We employ partial integro-differential equations to model trophic interaction
in a spatially extended heterogeneous environment. Compared to classical
reaction-diffusion models, this framework allows us to more realistically
describe the situation where movement of individuals occurs on a faster time
scale than the demographic (population) time scale, and we cannot determine
population growth based on local density.
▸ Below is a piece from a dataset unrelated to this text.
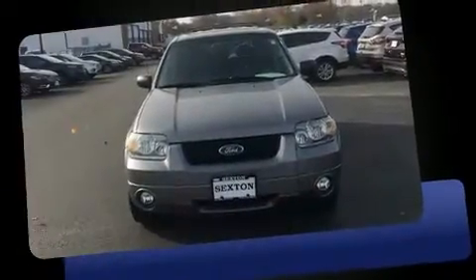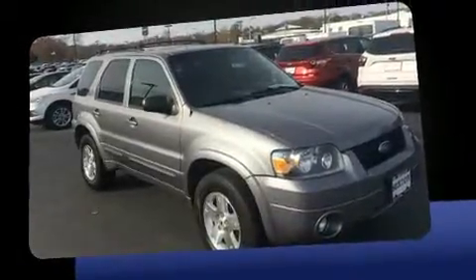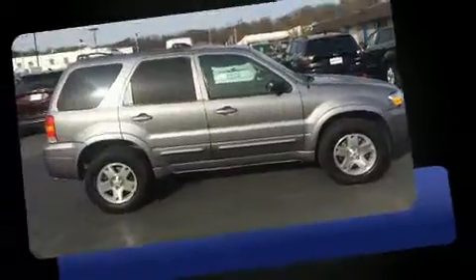The 2007 Ford Escape. Smooth gear shifts are achieved thanks to the 3.0L 6-cylinder engine, providing a spirited yet composed ride and drive. 4-wheel drive allows you to go places you've only imagined.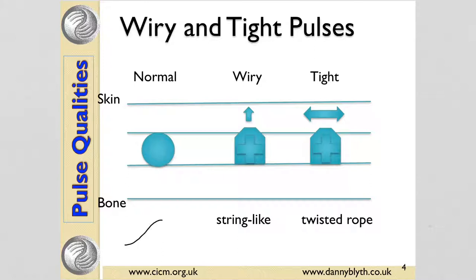If a normal pulse has a nice wave to it, tight and wiry pulses both feel somewhat flattened and hard, lacking a wave. The tops feel hard and rounded off. The wiry pulse feels string-like and hits up against the finger, whereas the tight pulse feels like twisted rope — it either rebounds either side of the finger or feels like it's being pulled in like a taut rope.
However, most of the results reported
so far for such systems have only been verified numerically and for a
particular choice of model functions, which obviously casts doubts about these
findings. In this paper, we analyse a class of integro-differential
predator-prey models with a highly mobile predator in a heterogeneous
environment, and we reveal the main factors stabilizing such systems. In
particular, we explore an ecologically relevant case of interactions in a
highly eutrophic environment, where the prey carrying capacity can be formally
set to 'infinity'. We investigate two main scenarios: (i) the spatial gradient
of the growth rate is due to abiotic factors only, and (ii) the local growth
rate depends on the global density distribution across the environment (e.g.
due to non-local self-shading). For an arbitrary spatial gradient of the prey
growth rate, we analytically investigate the possibility of the predator-prey
equilibrium in such systems and we explore the conditions of stability of this
equilibrium. In particular, we demonstrate that for a Holling type I (linear)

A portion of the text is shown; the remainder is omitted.